Highly efficient photocatalytic degradation of microcystin-LR with permonosulfate activated by visible-light over Z-scheme ZnO/g-C3N4: Degradation pathways and mechanism

Abstract

Harmful algal blooms and the release of cyanotoxins pose a significant threat to aquatic life. This study aimed to develop a high efficient way to degrade microcystin-LR (MC-LR), a most common and highly toxic cyanotoxin in cyanobacterial blooms, by constructing a Z-scheme ZnO-g-C3N4 heterojunction for photocatalysis integrated with permonosulfate (PMS) activation process. The formation of the Z-scheme heterojunction facilitated the separation of photogenerated carriers and generated more active species with strong oxidative potential, resulting in more efficient degradation of MC-LR. Under visible light, the ZnO/g-C3N4/PMS photocatalyst successfully removed 97% of MC-LR (500 µg·L−1) within 120 min.

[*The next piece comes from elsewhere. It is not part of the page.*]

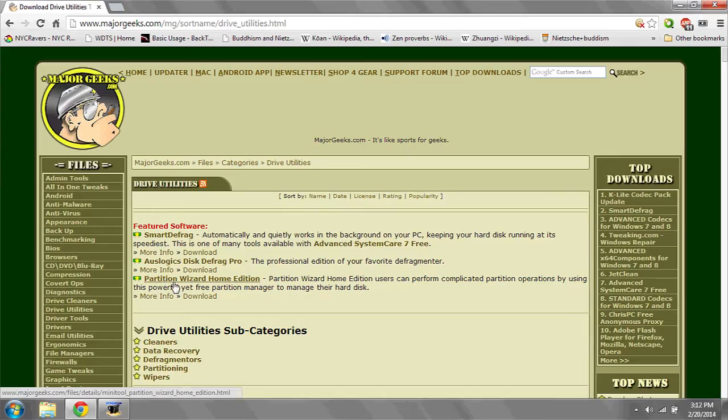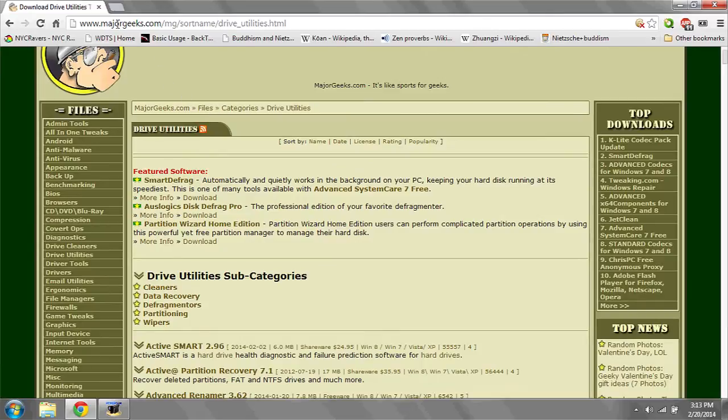However, if you'd like to change the size of the partitions on your hard drive, you're going to want to install a program called Partition Wizard Home Edition. You can download it for free from MajorGeeks.com, then download and install it.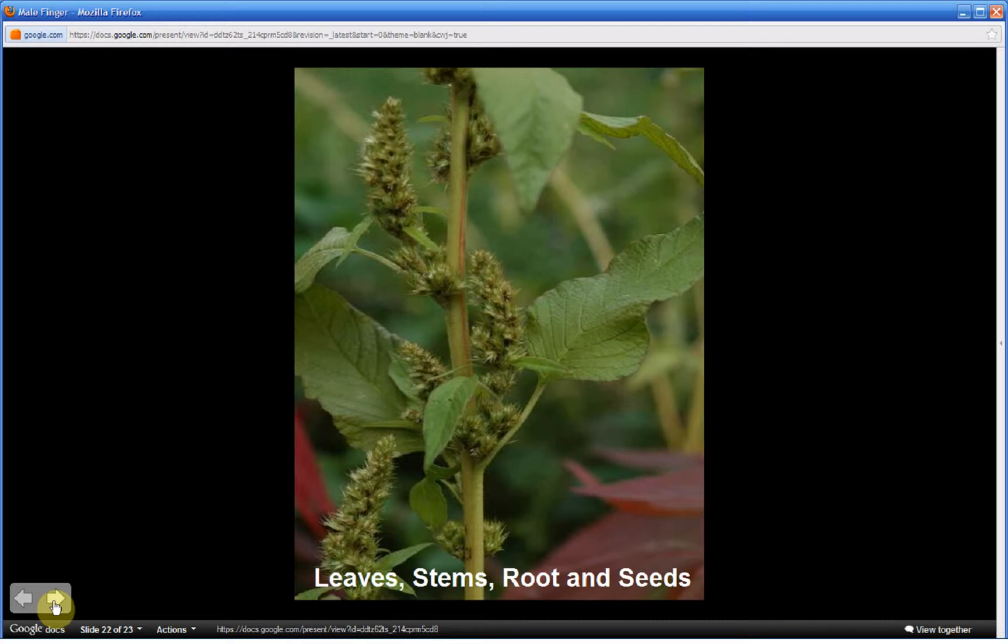The edible parts of this plant are the leaves, the stems, the root, and the seeds. This was part one. Be sure to watch part two for the mnemonic of how to commit to memory the most distinguishing characteristics of this plant and all of over 60 species of amaranth. All of which are edible, used identically, medicinally, and as far as consumption.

In comparison, the ZnO/g-C3N4/PMS (k = 0.074 min−1) system exhibited degradation rate constants of 8.6 and 11.7 times higher than that of g-C3N4/PMS (k = 0.0086 min−1) and ZnO/PMS (k = 0.0063 min−1) systems, respectively. Chemical trapping experiments and EPR tests revealed that the predominant active species were •O2−, SO4•-, and •OH. The degradation route of MC-LR by ZnO/g-C3N4/PMS/Vis process was proposed based on the intermediate products analysis by UPLC-MS, wherein the addition of •OH and the oxidative cleavage by •O2− and SO4•- were the main degradation pathways. This study developed a prospective way to design Z-scheme heterojunction photocatalyst constructing with PMS activation for highly efficient prevention of harmful algal blooms.